The Marijuana Opportunity Reinvestment and Expungement (MORE) Act was introduced by House Judiciary Chairman Jerrold Nadler. “For far too long, we have treated cannabis as a criminal justice problem, instead of as a matter of personal choice and public health,” Nadler explained. The legislation would remove cannabis from the list of federally controlled substances and promote social equity in the industry. However, it would not require states to legalize cannabis and would maintain a level of regulatory discretion up to states. Lawmakers approved the measure in a 220-204 vote, with three Republicans joining all but two Democrats in support.
House Speaker Nancy Pelosi said prior to the vote that the legislation would offer “justice for those harmed by the brutal, unfair consequences of criminalization. This landmark legislation is one of the most important criminal justice reform bills in recent history.” Rep. Jim Jordan, however, argued that Democrats are moving to legalize cannabis at this time because they “can’t deal with the real problems facing the American people” such as “the inflation problem, the energy problem, the illegal immigration problem on our southern border.”
Now, the MORE Act will need to gain 60 votes in the Senate before requiring President Joe Biden’s signature.

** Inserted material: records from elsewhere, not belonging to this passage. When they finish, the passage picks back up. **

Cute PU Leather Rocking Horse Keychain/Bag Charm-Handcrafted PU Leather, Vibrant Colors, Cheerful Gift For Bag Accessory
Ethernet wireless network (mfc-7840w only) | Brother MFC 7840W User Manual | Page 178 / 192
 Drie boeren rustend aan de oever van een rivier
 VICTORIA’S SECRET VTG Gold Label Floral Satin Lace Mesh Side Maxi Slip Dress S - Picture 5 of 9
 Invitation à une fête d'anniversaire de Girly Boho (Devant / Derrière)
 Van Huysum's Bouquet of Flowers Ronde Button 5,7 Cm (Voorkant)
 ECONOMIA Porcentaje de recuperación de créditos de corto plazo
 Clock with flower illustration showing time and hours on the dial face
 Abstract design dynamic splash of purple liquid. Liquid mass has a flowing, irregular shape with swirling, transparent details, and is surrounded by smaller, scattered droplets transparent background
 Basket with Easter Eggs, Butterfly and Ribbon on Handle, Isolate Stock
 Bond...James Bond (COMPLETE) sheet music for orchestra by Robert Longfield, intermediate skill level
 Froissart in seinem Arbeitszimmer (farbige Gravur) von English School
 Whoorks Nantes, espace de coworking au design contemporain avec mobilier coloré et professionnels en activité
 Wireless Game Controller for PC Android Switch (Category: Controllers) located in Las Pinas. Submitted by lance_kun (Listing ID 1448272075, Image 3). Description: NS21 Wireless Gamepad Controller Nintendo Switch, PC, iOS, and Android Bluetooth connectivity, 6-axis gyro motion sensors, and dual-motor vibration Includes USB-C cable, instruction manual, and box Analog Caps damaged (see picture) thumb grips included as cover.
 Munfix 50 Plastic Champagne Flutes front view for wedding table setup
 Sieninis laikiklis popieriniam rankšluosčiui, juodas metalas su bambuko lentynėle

With the current Senate consisting of 50 Republicans (against 48 Democrats and 2 Independents), that is going to be the first hurdle to cross. Moreover, President Biden’s stance on the matter is not quite clear yet. White House Press Secretary Jen Psaki told reporters that Biden agrees that the current cannabis laws are not working and that they should rethink their approach in the industry. In addition, at a 2019 presidential debate, Biden said that he wanted to release everyone who was in prison for cannabis, thus expressing a degree of social equity support. However, he does not seem to be a proponent of adult-use cannabis. His past claims have not yet been fulfilled and he even fired at least five White House staffers admitting to past cannabis use last year. Overall, while the House approval is already a major milestone, the bill is not quite at the end of its journey yet.
What is the MORE Act?
The MORE Act decriminalizes cannabis. Specifically, it removes cannabis from the list of scheduled substances under the Controlled Substances Act and eliminates criminal penalties for an individual who manufactures, distributes, or possesses cannabis. The bill also makes other changes, including the following:
- replaces statutory references to marijuana and marihuana with cannabis,
- requires the Bureau of Labor Statistics to regularly publish demographic data on cannabis business owners and employees,
- establishes a trust fund to support various programs and services for individuals and businesses in communities impacted by the war on drugs,
- imposes an excise tax on cannabis products produced in or imported into the United States and an occupational tax on cannabis production facilities and export warehouses,
- makes Small Business Administration loans and services available to entities that are cannabis-related legitimate businesses or service providers,
- prohibits the denial of federal public benefits to a person on the basis of certain cannabis-related conduct or convictions,
- prohibits the denial of benefits and protections under immigration laws on the basis of a cannabis-related event (e.g., conduct or a conviction),
- establishes a process to expunge convictions and conduct sentencing review hearings related to federal cannabis offenses, and
- directs the Government Accountability Office to study the societal impact of cannabis legalization.